ーーではそれらの感情抜きで始まった結婚は、一体どこにどんな形で行きつくのだろう。

「何を塞いでいる?」

唐突に拓海の顔が目の前に現れた。既にエンジン音が途切れた車がアパートの駐車場に止まっている。どうやら呆けている間に我が家に到着したらしい。

かすみと久慈さんと別れてから程なく、拓海は伝言通り車で私の会社まで迎えに来てくれた。当然同乗すると思っていた久慈くんは、命が惜しいから一人で帰ると頑なに誘いを固辞した。

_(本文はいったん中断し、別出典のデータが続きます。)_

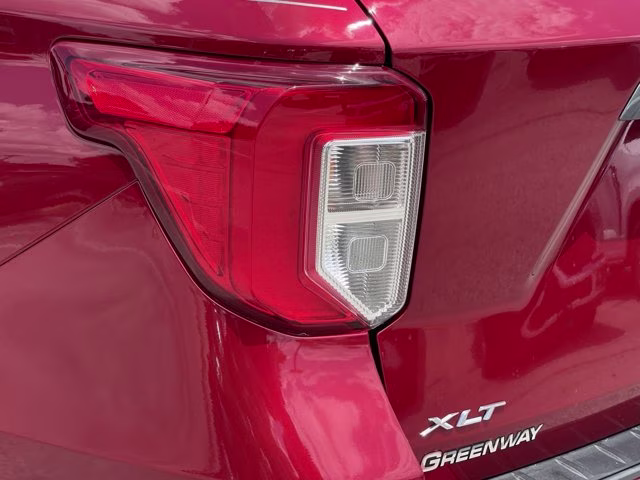 2024 Rapid Red Metallic Tinted Clearcoat Ford Explorer XLT RWD SUV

「案外大丈夫だったみたいですよ。これまでの彼女は鼾でも酷かったんでしょうかね」

先程の問いの答が衝撃だったようで、二十歳の頃につきあっていた人以来かも、という微妙な含みを残して雑踏の中に消えていった。たぶんその方は私の成人式の写真を「けばかった」と宣ったときに、拓海がつきあっていた女性に違いない。初耳だ。

「拓海、本当に嫉妬してるの?」

頭の中を久慈さんの台詞が占拠しているせいだろう。前後の脈略なく吹っかけてしまった。意味不明な上に図々しいことこの上ない。私は一番じゃないのに。

「また藪から棒にこの馬鹿女は」

運転席に背を押しつけ、拓海はこめかみを押さえながら疲れたようにぼやいた。

「いい加減慣れてきたが、その発想はどこから湧いた」

「久慈くん」

あいつめ、と悔しそうに唸ったものの、幾分冷めた調子で続ける。

「あのな、詩乃。俺はお前を好きになりたくはないんだ」

ごちゃごちゃしていたものが全て飛んでいき、私の頭は有り難いことに空っぽになった。